Setting up the Department of Homeland Security’s Procurement Innovation Lab (PIL) was one of the first things Soraya Correa did after becoming DHS chief procurement officer in 2015.
It originally had one half of one full-time employee, and the lab reported to her. Polly Hall, the PIL’s current director, came to the lab in 2017 from having worked as a contracting officer on a Transportation Security Administration procurement where she had been trying to think about new techniques for doing advisory downselects. Since then the PIL has grown to a full-time staff of six, and most DHS components also have an acquisition innovation advisor (not a full-time position) who acts as a sort of local representative for what the PIL and Correa were trying to do.
With the PIL’s own staff and the acquisition innovation advisors in the components, DHS arguably has established more of an ongoing innovation capacity than any other federal agency. Correa and her colleagues are institutionalizing innovation, something we rarely see in the government.

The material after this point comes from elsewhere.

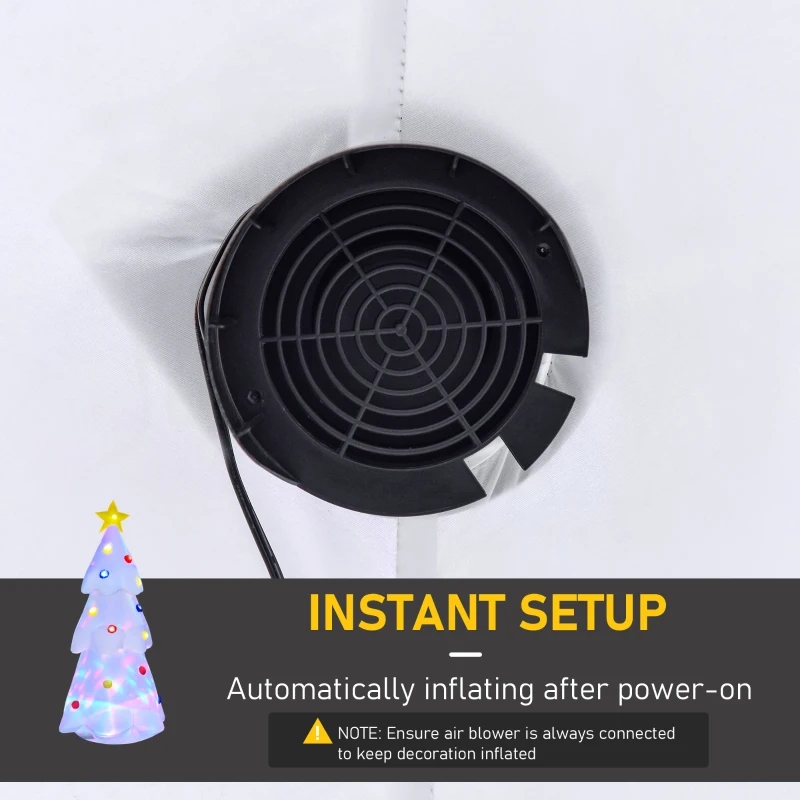 HOMCOM 8FT Inflatable Christmas Tree w/ Star and Multicolour Decorations LED Lighted Indoor Outdoor Home Decor for Garden Lawn Party Prop White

The PIL’s operating principle is not to force itself on DHS contracting people. It is not a tiger team that swoops in and takes over a procurement. PIL staffers come in only when asked by the people doing the procurement – both program and contracting people. They provide advice to the frontline folks, and those employees then do the work. For projects being supported, staff from the PIL meet with their contracting customers every other week for 15 minutes until the contract or task order is awarded.